Existe, portanto, um tipo de esforço que é praticado para que se consiga acumular capital social e, como no caso do trabalho, convertê-lo em capital simbólico (como a conquista de metas) e capital econômico (uma promoção, uma função de maior salário, etc). Não que o capital social seja estritamente definidor para o acúmulo dos outros, mas é um elemento observável e relevante de se compreender quando se trata, como dito no início deste artigo, da eficiência do desempenho de um mesmo capital. Por exemplo, dois funcionários com o mesmo capital cultural institucionalizado, como um diploma universitário em Direito, terão diferentes desempenhos deste capital e poderão convertê-lo de maneiras distintas a depender do capital social adquirido e transmitido dentro do escritório de trabalho.

Considerações finais

Desta forma, não só entendido como atributo das relações construídas ao longo do tempo, o capital social é um elemento de compreensão das dinâmicas sociais que, para além do capital econômico, cultural ou simbólico, se expressam na forma das redes duráveis de relações que se tem com um grupo específico.

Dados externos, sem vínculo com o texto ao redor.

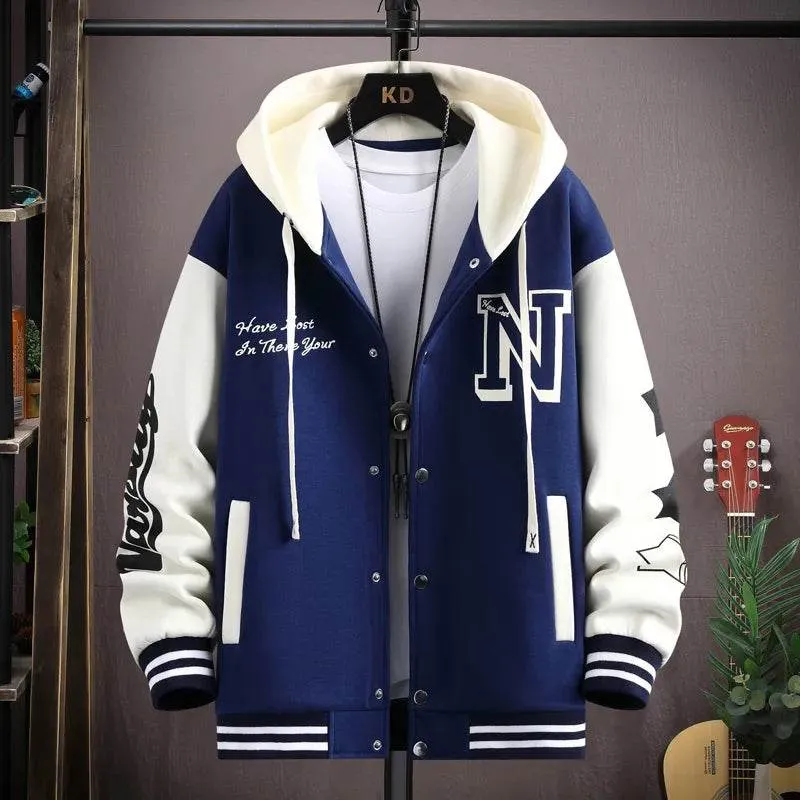 Trendy Hip Hop Hooded Baseball Uniform Unisex Lightweight Sportswear Jacket Men's Bomber Jackets Autumn Coat Letter Printed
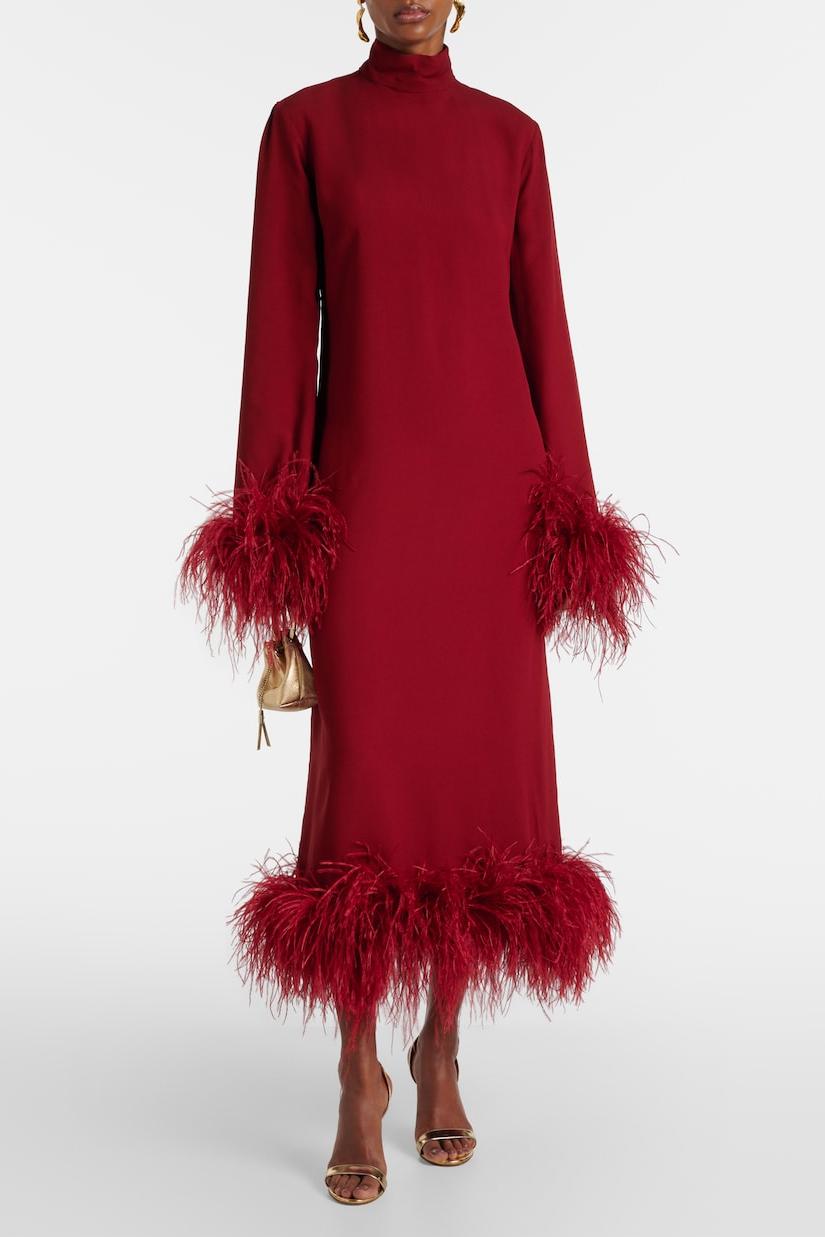 Solid Feather Long Sleeve Midi Dress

Trata-se de um capital que ajuda a compreender a permanência do capital econômico nas mesmas famílias ao longo do tempo e desmistifica a suposta “veia empresarial” de uma família específica. Ao mesmo tempo, desmistifica também a suposta falta de “tino empresarial” de agentes sociais com diploma universitário mas que, por terem origem pobre, não são inseridos nem reconhecidos em meio aos grupos empresariais estabelecidos.

Referências

BOURDIEU, Pierre. O sociólogo em questão IN Questões de sociologia. Portugal, Lisboa: Fim de Século, 2003.

BOURDIEU, Pierre. Escritos de educação. 9ª ed. Petrópolis, RJ: Vozes, 2007.

PETRINI, G., FONSECA, R. & PORRECA, W. Pobreza, capital humano, capital social e familiar. Memorandum, 19, 184-197, 2010. Disponível em <<seer.ufmg.br/index.php/memorandum/article/view/9701>>.